Detecting dipolarity of the geomagnetic field in the paleomagnetic record.

Recovering the geomagnetic field strength in the past is key to understanding deep Earth dynamics and detecting potential geodynamo regimes throughout the history of Earth. To better constrain the predictive power of the paleomagnetic record, we propose an approach based on the analysis of the dependency between geomagnetic field strength and inclination (angle made by the horizontal with the field lines). Based on the outcomes of statistical field models, we show that these two quantities should correlate for a wide range of Earth-like magnetic fields, even with enhanced secular variation, persistent nonzonal components, and severe noise contamination. Focusing on the paleomagnetic record, we show that the correlation is not significant for the Brunhes polarity chron, what we ascribe to inadequate spatiotemporal sampling. In contrast, the correlation is significant for the 1 to 130 Ma interval, whereas it only marginally succeeds prior to 130 Ma when strict filters on both paleointensities and paleodirections are applied.

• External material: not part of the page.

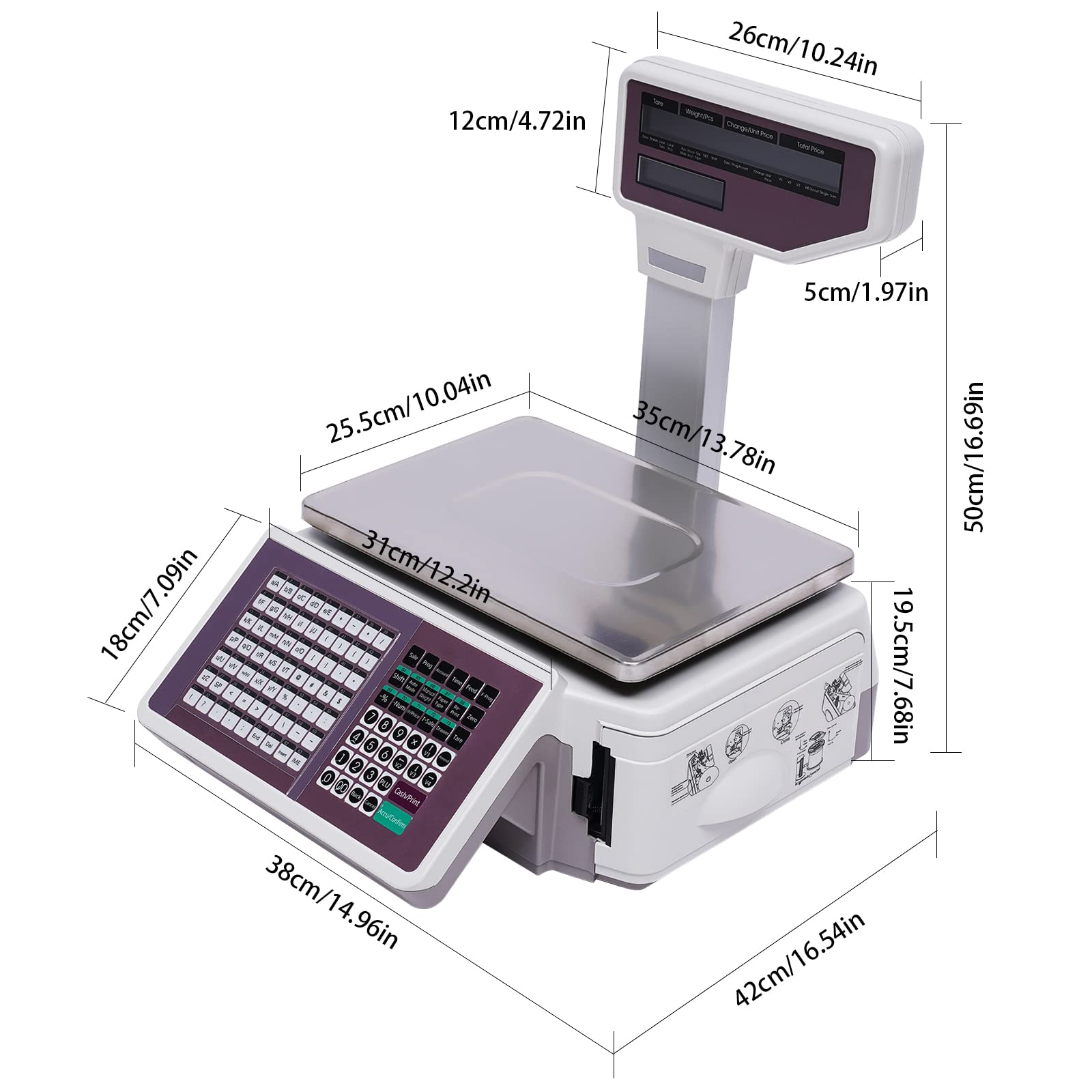 Commercial Price Computing Scale with Thermal Label Printer - 66lb Capacity, Pole Display & Mobile App for Supermarkets, Retail Stores, and Farmers Markets | Perfect for Checkout Counters, Inventory Management, and Shipping Departments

As we cannot detect significant variations in the strength of the correlation over the 1 to 130 Ma interval, we conclude that the Cretaceous Normal Superchron may not be associated with enhanced dipolarity of the geodynamo. The strong correlation obtained prior to 130 Ma when strict filters are applied indicates that the ancient field may not be on average so different from the present-day field. If long-term fluctuations nevertheless existed, detecting potential geodynamo regimes during the Precambrian is currently impeded by the sparsity of high-quality data passing strict filters in both paleointensities and paleodirections.